# WHAT IS NEEDED
Having located the line with "Vintage Taxco Style", repeat it and all remaining lines of the records exactly. Pictures do not belong in the answer.

# Records from a dataset
::::

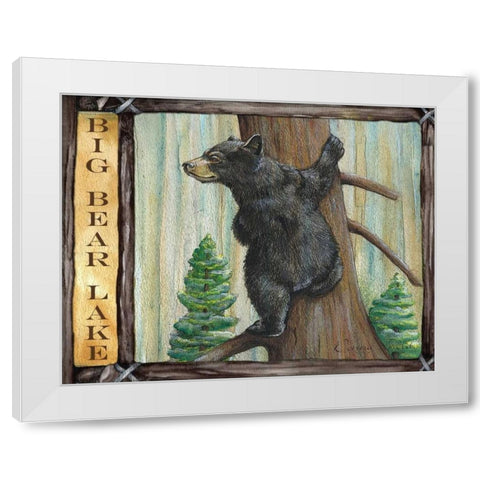 Lodge Bear White Modern Wood Framed Art Print by Knold, Donna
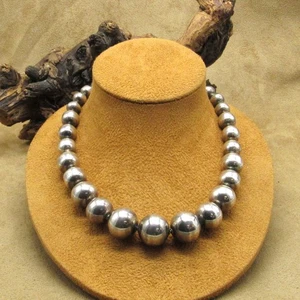 Vintage Taxco Style Sterling Silver Tapered Beaded Necklace - Picture 1 of 7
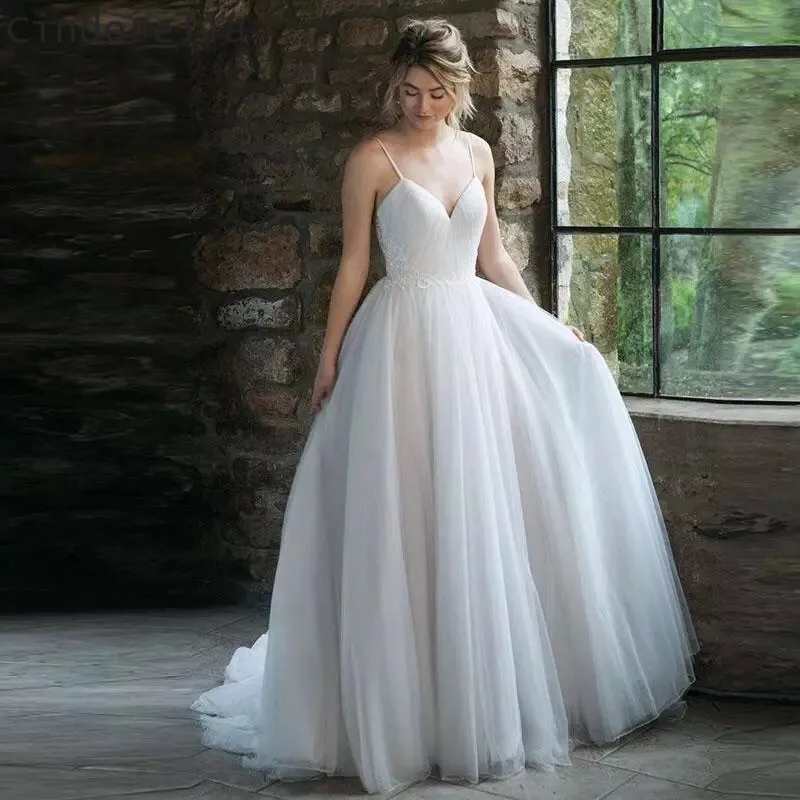 

Cinderella Sweetheart Spaghetti Straps Floor Length A-Line Soft Tulle Lace Applique Wedding Dresses Backless Lace Bridal Dresses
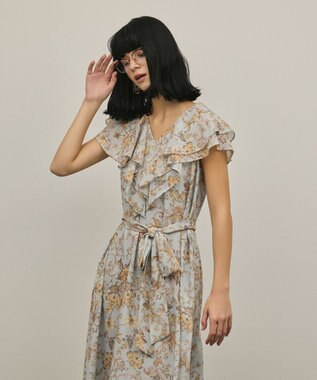 GRACE CONTINENTAL サラサプリントフリルカラーワンピース サックス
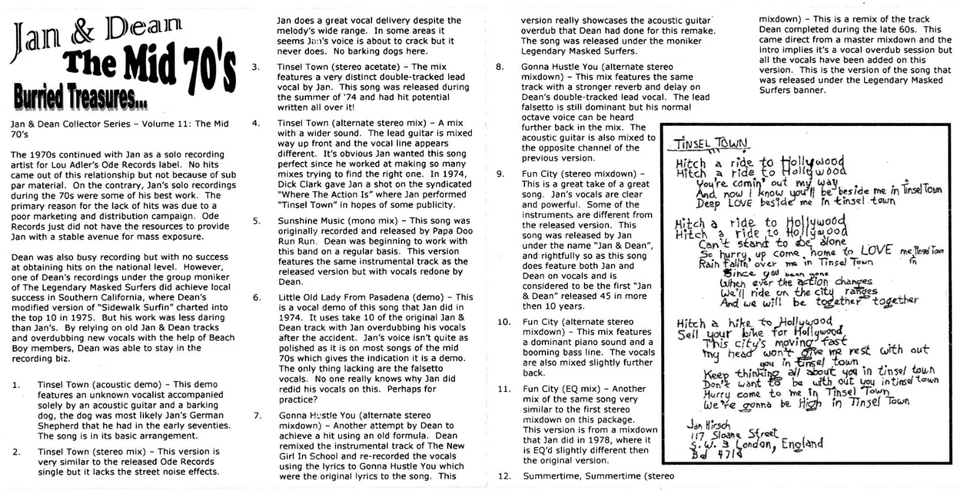 JAN AND DEAN- THE COLLECTORS SERIES- VOLUME  11 - THE MID 70's- MINT! REMASTERED Foto 3 de 4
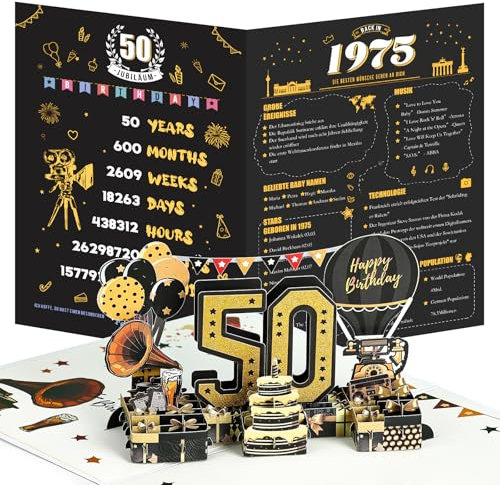 Joyoldelf 50. Födelsedagskort, 1975 årgång födelsedagskort, 3D popup gratulationskort med kuvert, vintage födelsedagspresent för man och kvinna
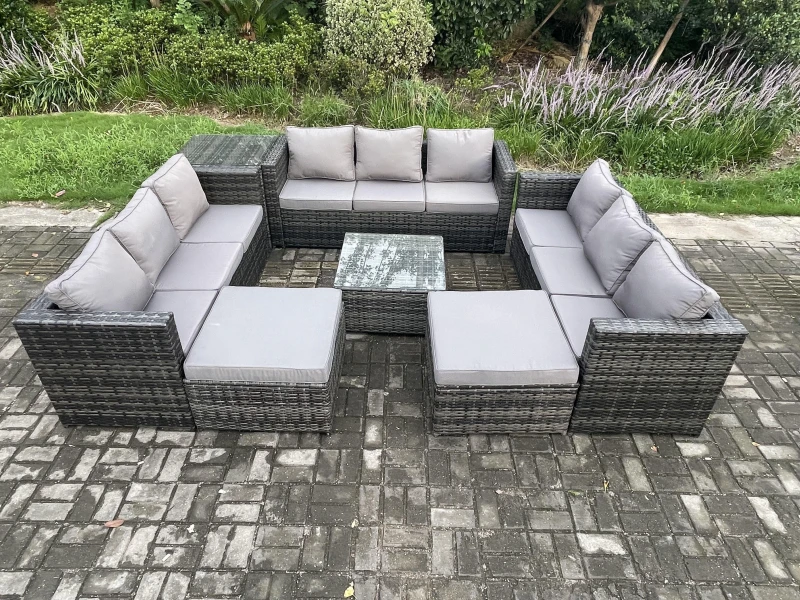 Image of Fimous Outdoor Rattan Garden Furniture Set 11 Seater Patio Lounge Sofa Set with Side Table Square Coffee Table 2 Big Footstool Dark Grey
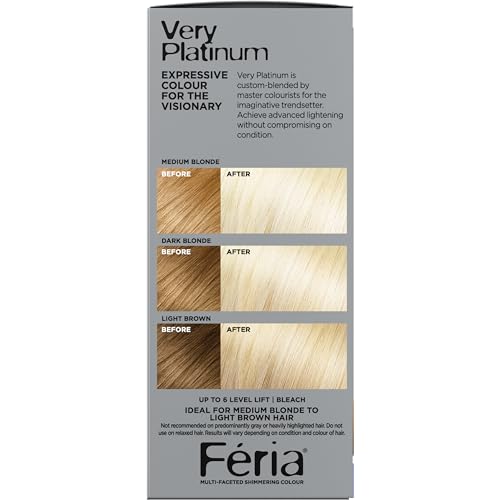 L'Oreal Paris Feria Multi-Faceted Shimmering Permanent Hair Color, Very Platinum, Pack of 2, Hair Dye
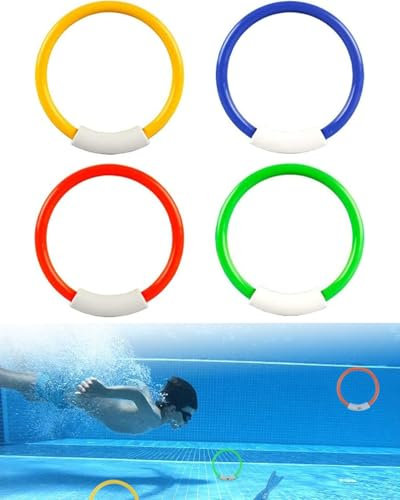 TPZORJX 4 pcs Anelli da Immersione,Giocattoli da Immersione, Regalo di addestramento per Piscine subacquee, per Bambini di età Superiore a 3 Anni,Feste Piscina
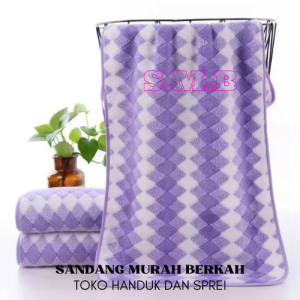 HANDUK MANDI DEWASA/LEMBUT TEBAL DENGAN DAYA SERAP TINGGI.UKURAN 70 X 140 CM motif wajik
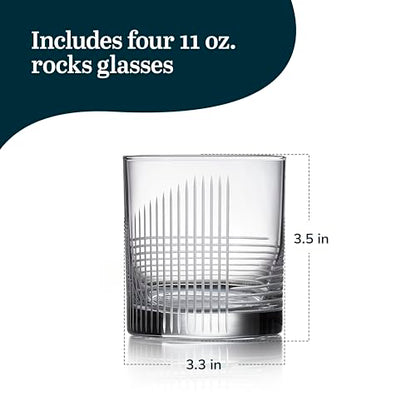 Libbey Cut Cocktails Rocks Glasses Set, Clean, Linear Glassware Drinking Glasses Set of 4, Dishwasher Safe Glasses for Weddings, Birthdays, and More - color: Passage Rocks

::::

# RESULT FOR THIS TASK
 Vintage Taxco Style Sterling Silver Tapered Beaded Necklace - Picture 1 of 7

Cinderella Sweetheart Spaghetti Straps Floor Length A-Line Soft Tulle Lace Applique Wedding Dresses Backless Lace Bridal Dresses
 GRACE CONTINENTAL サラサプリントフリルカラーワンピース サックス
 JAN AND DEAN- THE COLLECTORS SERIES- VOLUME  11 - THE MID 70's- MINT! REMASTERED Foto 3 de 4
 Joyoldelf 50. Födelsedagskort, 1975 årgång födelsedagskort, 3D popup gratulationskort med kuvert, vintage födelsedagspresent för man och kvinna
 Image of Fimous Outdoor Rattan Garden Furniture Set 11 Seater Patio Lounge Sofa Set with Side Table Square Coffee Table 2 Big Footstool Dark Grey
 L'Oreal Paris Feria Multi-Faceted Shimmering Permanent Hair Color, Very Platinum, Pack of 2, Hair Dye
 TPZORJX 4 pcs Anelli da Immersione,Giocattoli da Immersione, Regalo di addestramento per Piscine subacquee, per Bambini di età Superiore a 3 Anni,Feste Piscina
 HANDUK MANDI DEWASA/LEMBUT TEBAL DENGAN DAYA SERAP TINGGI.UKURAN 70 X 140 CM motif wajik
 Libbey Cut Cocktails Rocks Glasses Set, Clean, Linear Glassware Drinking Glasses Set of 4, Dishwasher Safe Glasses for Weddings, Birthdays, and More - color: Passage Rocks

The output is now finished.